— YOUR ASSIGNMENT —
A faithful copy of the listing below is needed, one that contains no pictures.

##############################

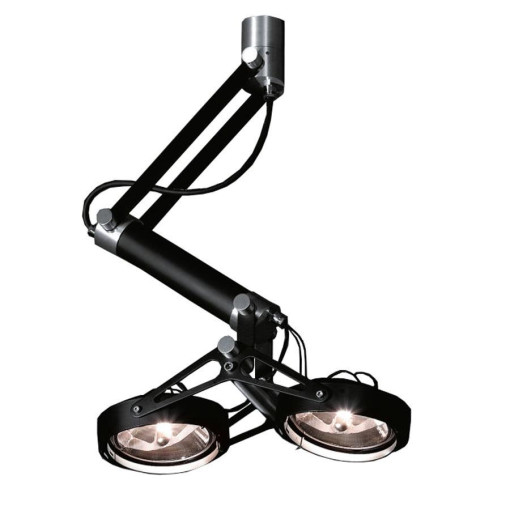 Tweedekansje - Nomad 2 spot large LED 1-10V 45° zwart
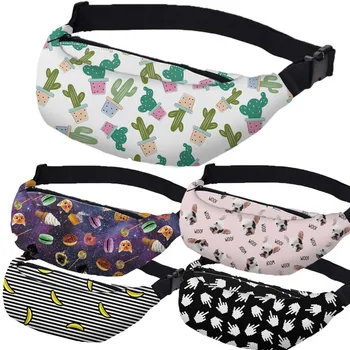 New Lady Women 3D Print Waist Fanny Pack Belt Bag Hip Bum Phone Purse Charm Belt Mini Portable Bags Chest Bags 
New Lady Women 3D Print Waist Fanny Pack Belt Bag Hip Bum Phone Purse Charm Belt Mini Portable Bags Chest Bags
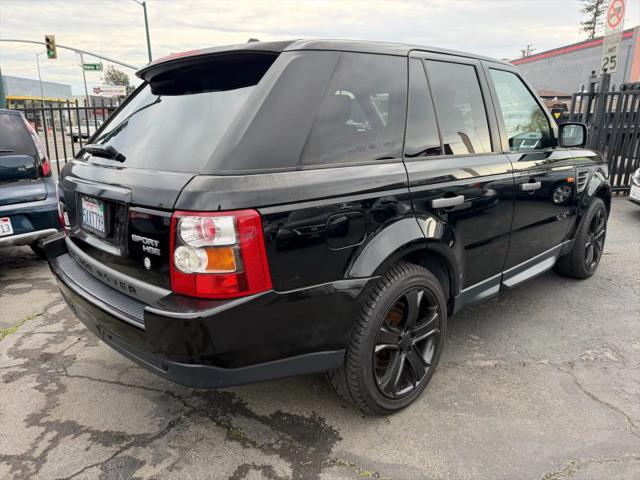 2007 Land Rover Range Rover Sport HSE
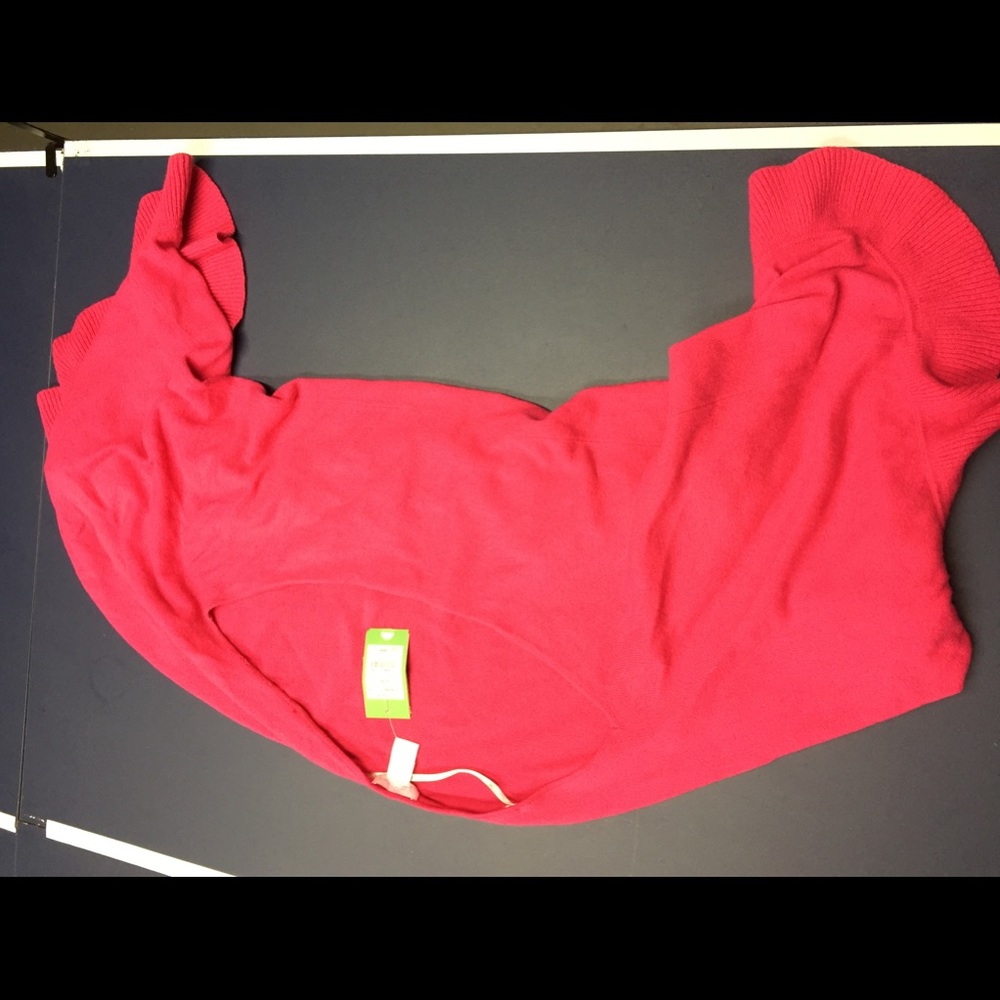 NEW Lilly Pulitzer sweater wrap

##############################

— WRITTEN REPLY —
 Tweedekansje - Nomad 2 spot large LED 1-10V 45° zwart
 New Lady Women 3D Print Waist Fanny Pack Belt Bag Hip Bum Phone Purse Charm Belt Mini Portable Bags Chest Bags 
New Lady Women 3D Print Waist Fanny Pack Belt Bag Hip Bum Phone Purse Charm Belt Mini Portable Bags Chest Bags
 2007 Land Rover Range Rover Sport HSE
 NEW Lilly Pulitzer sweater wrap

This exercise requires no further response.